Uma carta de Dmitri Likhatchôv
Por Joaquim Serra
Dmitri Likhatchôv (1906-1999) foi
um filólogo soviético, autor de diversos estudos sobre cultura e literatura
russa. Em sua biografia Pensamentos sobre a vida: memórias, conta como
foi sua formação na Petersburgo pré-revolucionária, os anos do terror, as
diversas pessoas que conheceu na prisão e o que aprendeu em Solovki. Em
fevereiro de 1928, foi preso por atividades contrarrevolucionárias e enviado ao
Gulag. Durante a construção do Canal do Mar Branco, cumpriu parte da pena como
contador e despachante ferroviário.
No livro Cartas sobre o bem e a
beleza, Likhatchôv se dirige aos jovens leitores, reunindo seus principais
pensamentos e o modo como enxerga a relação entre arte, cultura e sujeito. A
“Primeira Carta”, traduzida abaixo, refere-se a um problema que nasce como um
sistema de pensamento para virar uma atitude diante do mundo. Como um fragmento
filosófico-formativo, Likhatchôv fala, por fim, sobre a vida, mostrando como os
valores do grande mundo podem afetar a visão que temos da realidade.

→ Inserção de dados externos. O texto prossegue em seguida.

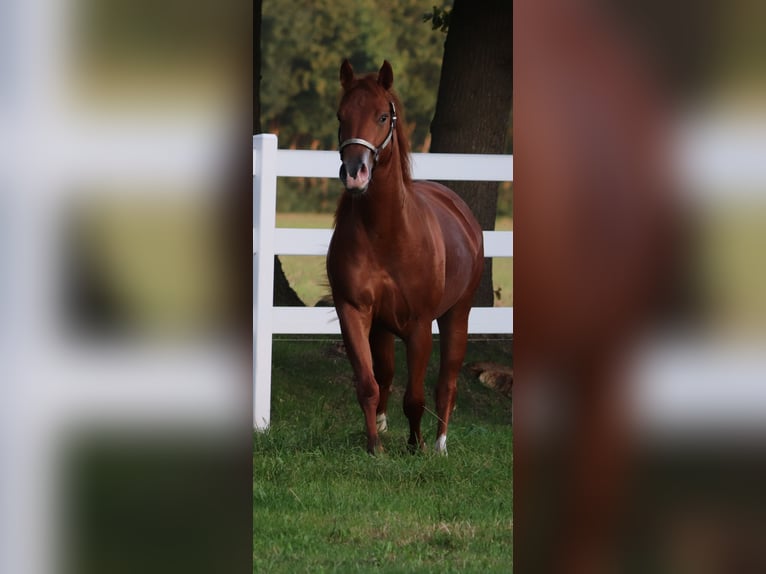American Quarter Horse Klacz 4 lat 152 cm Kasztanowata in Oberhausen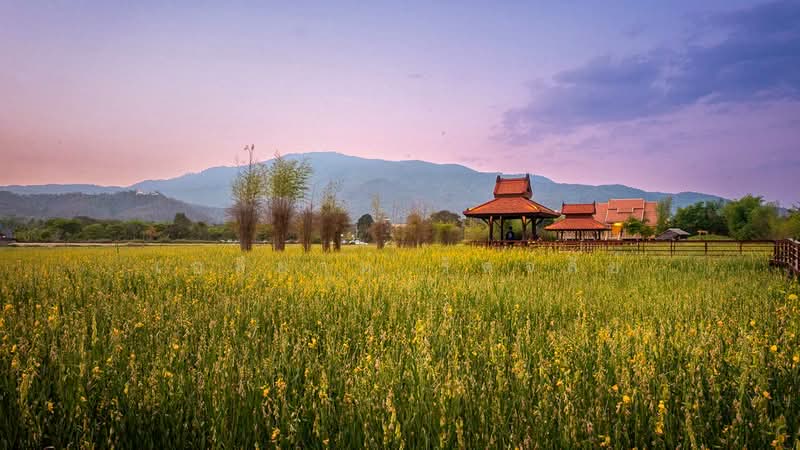 ให้เช่าบ้านเดี่ยว 4 ห้องนอน แม่เหียะ เชียงใหม่ | ใกล้โรงเรียนนานาชาติ, เชียงใหม่, แม่เหียะ, เมืองเชียงใหม่, เชียงใหม่, 250 ตร.ม., บ้านเดี่ยว ให้เช่า, โดย เอลียาห์ ริดจ์ลี่ย์, 500223550 - DDproperty.com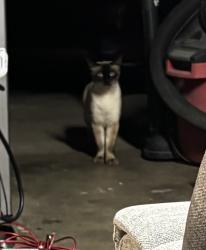 Found/Stray Unknown Cat last seen Pinebrook Way, Foothill Farms, CA 95842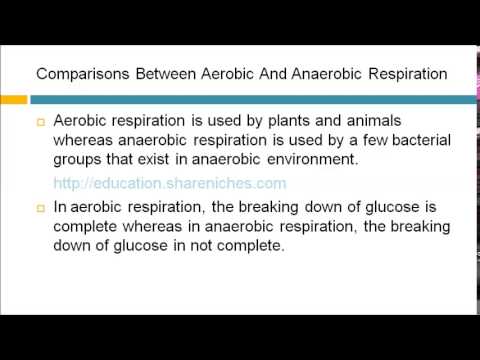 What is the difference between fermentation and anaerobic respiration?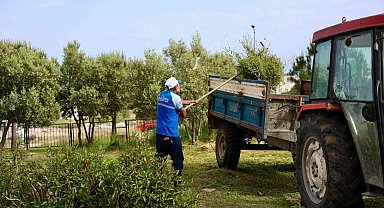 Didim Belediyesi'nden okullarda ot biçme ve çevre düzenleme çalışması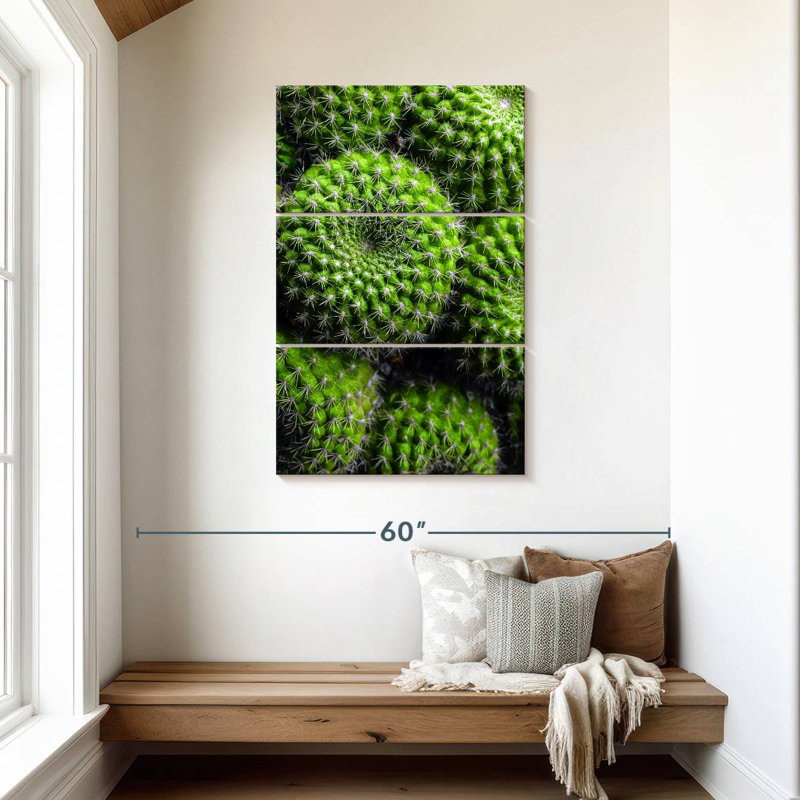 Harnek Spiny Barrel Cactus, 45" H x 28" W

Dmitri Likhatchôv no escritório do seu apartamento em São Petersburgo. |
Primeira carta
O grande no pequeno
No mundo material, você não pode
colocar o grande no pequeno. Já na esfera dos valores não materiais, a coisa
não é bem assim; no pequeno cabe o grande, mas se você tentar encaixar o pequeno
no grande, este simplesmente deixará de existir. Se uma pessoa tem um grande
objetivo, este deve se manifestar em tudo — mesmo naquilo que pareça não ter
importância. É preciso ser honesto no discreto e no casual.
Só então você será honesto no
cumprimento do seu dever. Um grande objetivo abrange toda a personalidade de
uma pessoa e se manifesta em toda ação sua, sendo impossível pensar que por um
meio ruim se alcança um bom fim.
O adágio “os fins justificam os
meios” é pernicioso e imoral. Isto foi muito bem descrito por Dostoiévski em Crime
e Castigo. O personagem principal da obra, Rodion Raskólnikov, pensava que,
ao matar uma repugnante velhota usurária, conseguiria o dinheiro com o qual
atingiria um grande objetivo e beneficiaria a humanidade, mas sofre um colapso
interno. O objetivo torna-se distante e é irrealizável, mas o crime é real, terrível
e não pode ser justificado por nada. É impossível buscar um grande objetivo por
meios baixos. É preciso ser igualmente honesto tanto no grande quanto no
pequeno. Em geral, manter o grande no pequeno é necessário, em particular, na
ciência. A verdade científica é a mais preciosa e deve ser seguida por todos os
detalhes na pesquisa científica e na vida do cientista. Se aspirarmos na
ciência por objetivos “pequenos”, visando provar pela “força”, contra os fatos,
ou em busca de conclusões “interessantes”, eficazes ou qualquer forma de
autopromoção, então o cientista inevitavelmente falha. Talvez não
imediatamente, mas na fatura! Quando começam os exageros dos resultados da
pesquisa ou mesmo pequenas falsificações dos fatos, e a verdade científica é jogada
para segundo plano, a ciência deixa de existir, e o próprio cientista, cedo ou
tarde deixa de ser cientista. É preciso observar o grande em tudo,
absolutamente. Então tudo será fácil e simples.
Para este texto
D. Likhatchôv. Cartas sobre o
bem e a beleza (Письма о добром и прекрасном). 2018 (edição digital).